Verkoop op grond van de voorgestelde vuistregel zal leiden tot een verkoopprijs die ver ligt onder de marktwaarde en zal de
koper een aanzienlijk financieel voordeel verschaffen. Uit een oogpunt van rechtsgelijkheid zou, bij uitvoering van de motie,
eenieder in de gelegenheid moeten worden gesteld om de grond van Staatsbosbeheer onder deze gunstige condities te verwerven.
Het is dan ook niet uit te sluiten dat ondernemingen de grond verwerven. Ook bij verkoop aan de huidige gebruikers zal de
grond in een aantal gevallen in handen komen van ondernemingen.
Het aanzienlijke financiële voordeel dat gepaard gaat met de verwerving van de grond kan de mededinging tussen ondernemingen
vervalsen en het handelsverkeer – in de breedste zin van het woord – ongunstig beïnvloeden, aangezien degene die het voordeel
van de overheid krijgt onder gunstiger condities op de markt kan opereren dan vergelijkbare ondernemers uit andere lidstaten.

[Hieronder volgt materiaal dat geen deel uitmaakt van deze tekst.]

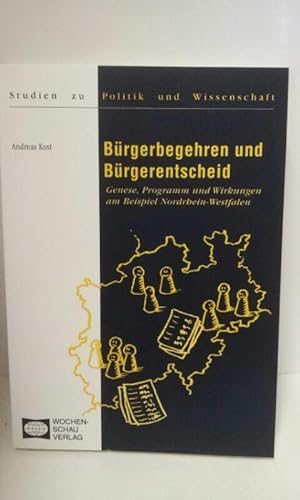 Bürgerbegehren und Bürgerentscheid Genese, Programm und Wirkungen am Beispiel Nordrhein-Westfalen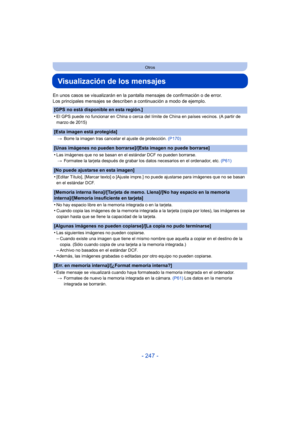 Page 247- 247 -
Otros
Visualización de los mensajes
En unos casos se visualizarán en la pantalla mensajes de confirmación o de error.
Los principales mensajes se describen a continuación a modo de ejemplo.
[GPS no está disponible en esta región.]
•
El GPS puede no funcionar en China o cerca del límite de China en países vecinos. (A partir de 
marzo de 2015)
[Esta imagen está protegida]
>Borre la imagen tras cancelar el ajuste de protección.  (P170)
[Unas imágenes no pueden borrarse]/[Esta imagen no puede...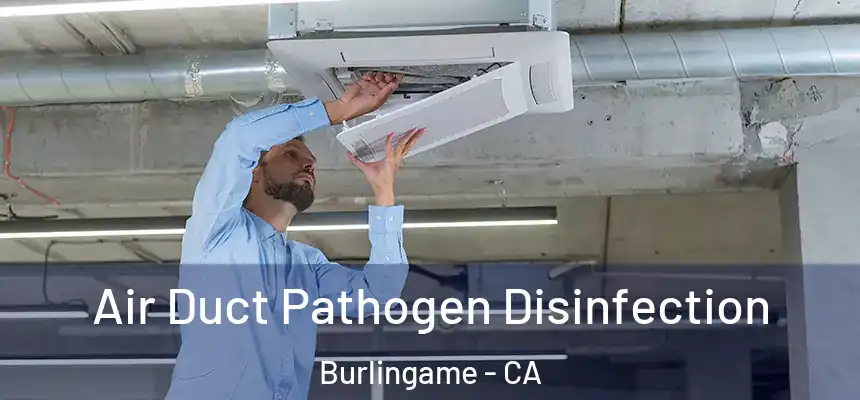  Air Duct Pathogen Disinfection Burlingame - CA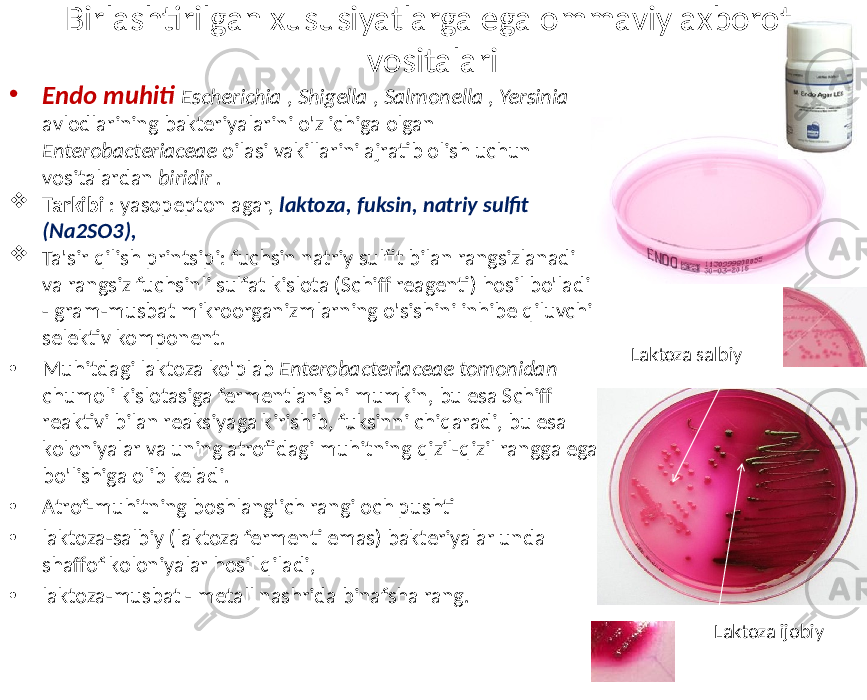 Birlashtirilgan xususiyatlarga ega ommaviy axborot vositalari • Endo muhiti Escherichia , Shigella , Salmonella , Yersinia avlodlarining bakteriyalarini o&#39;z ichiga olgan Enterobacteriaceae oilasi vakillarini ajratib olish uchun vositalardan biridir .  Tarkibi : yasopepton agar, laktoza, fuksin, natriy sulfit (Na2SO3),  Ta&#39;sir qilish printsipi: fuchsin natriy sulfit bilan rangsizlanadi va rangsiz fuchsinli sulfat kislota (Schiff reagenti) hosil bo&#39;ladi - gram-musbat mikroorganizmlarning o&#39;sishini inhibe qiluvchi selektiv komponent. • Muhitdagi laktoza ko&#39;plab Enterobacteriaceae tomonidan chumoli kislotasiga fermentlanishi mumkin, bu esa Schiff reaktivi bilan reaksiyaga kirishib, fuksinni chiqaradi, bu esa koloniyalar va uning atrofidagi muhitning qizil-qizil rangga ega bo&#39;lishiga olib keladi. • Atrof-muhitning boshlang&#39;ich rangi och pushti • laktoza-salbiy (laktoza fermenti emas) bakteriyalar unda shaffof koloniyalar hosil qiladi, • laktoza-musbat - metall nashrida binafsha rang. Laktoza ijobiyLaktoza salbiy 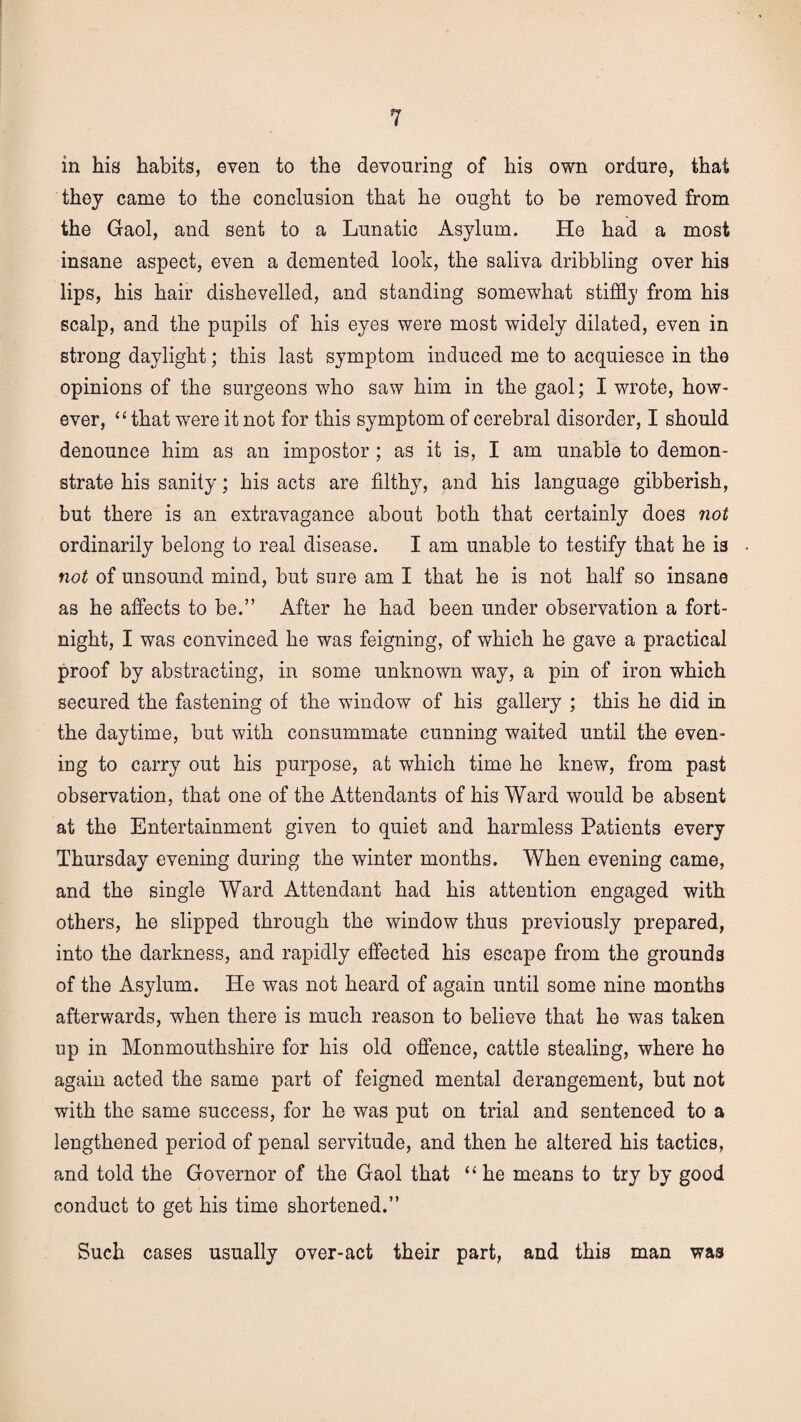 in his habits, even to the devouring of his own ordure, that they came to the conclusion that he ought to be removed from the Gaol, and sent to a Lunatic Asylum. He had a most insane aspect, even a demented look, the saliva dribbling over his lips, his hair dishevelled, and standing somewhat stiffly from his scalp, and the pupils of his eyes were most widely dilated, even in strong daylight; this last symptom induced me to acquiesce in the opinions of the surgeons who saw him in the gaol; I wrote, how¬ ever, ‘11 that were it not for this symptom of cerebral disorder, I should denounce him as an impostor; as it is, I am unable to demon¬ strate his sanity; his acts are filthy, and his language gibberish, but there is an extravagance about both that certainly does not ordinarily belong to real disease. I am unable to testify that he is not of unsound mind, but sure am I that he is not half so insane as he affects to be.” After he had been under observation a fort¬ night, I was convinced he was feigning, of which he gave a practical proof by abstracting, in some unknown way, a pin of iron which secured the fastening of the window of his gallery ; this he did in the daytime, but with consummate cunning waited until the even¬ ing to carry out his purpose, at which time he knew, from past observation, that one of the Attendants of his Ward would be absent at the Entertainment given to quiet and harmless Patients every Thursday evening during the winter months. When evening came, and the single Ward Attendant had his attention engaged with others, he slipped through the window thus previously prepared, into the darkness, and rapidly effected his escape from the grounds of the Asylum. He was not heard of again until some nine months afterwards, when there is much reason to believe that he was taken up in Monmouthshire for his old offence, cattle stealing, where he again acted the same part of feigned mental derangement, but not with the same success, for he was put on trial and sentenced to a lengthened period of penal servitude, and then he altered his tactics, and told the Governor of the Gaol that “ he means to try by good conduct to get his time shortened.” Such cases usually over-act their part, and this man was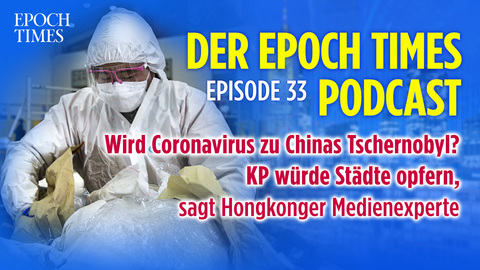 (PODCAST) Wird Coronavirus zu Chinas Tschernobyl? KP würde Städte opfern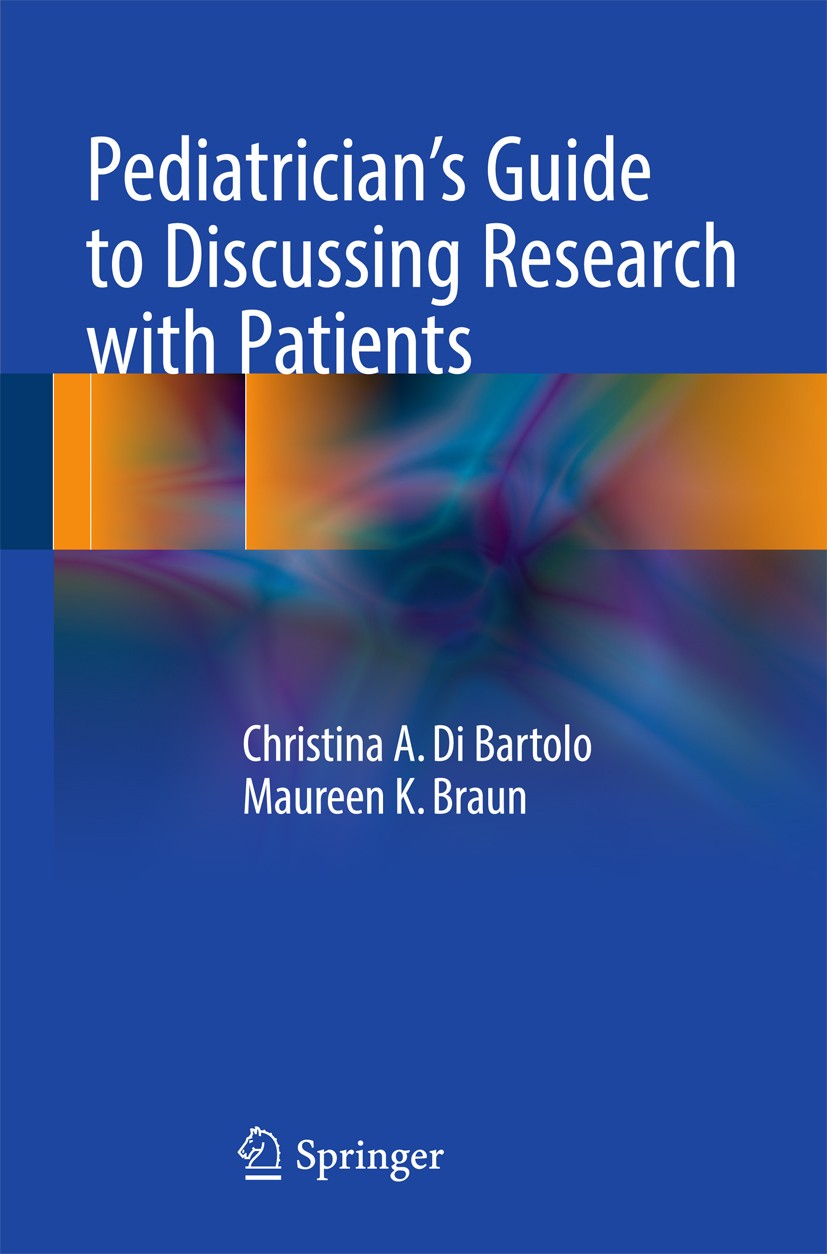 Titlebook: Pediatrician‘s Guide to Discussing Research with Patients; Christina A.‘Di Bartolo,Maureen K. Braun Book 2017 Springer International Publi Titlebook: Pediatrician‘s Guide to Discussing Research with Patients; Christina A.‘Di Bartolo,Maureen K. Braun Book 2017 Springer International Publi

Toepassing van de voorgestelde vuistregel zal dus leiden tot staatssteun in de zin van artikel 107 van het Verdrag betreffende
de werking van de Europese Unie en zal, tenzij is voldaan aan de voorwaarden voor «de minimis», ter goedkeuring moeten worden
aangemeld bij de Europese Commissie. Aangezien de Europese Commissie in haar Mededeling betreffende staatssteunelementen bij
de verkoop van gronden en gebouwen door openbare instanties (97/C 209/03) stelt dat het vaststellen van de waarde van de grond
op grond van algemeen aanvaarde marktindicaties en taxatiecriteria dient te geschieden, is het niet aannemelijk dat goedkeuring
zal worden verkregen.
Ten aanzien van mijn beoordeling van de motie van het lid Snijder-Hazelhoff zij overigens verwezen naar mijn brief van 10 september
2010 (Kamerstukken II 2009/10, 29 659, nr. 63).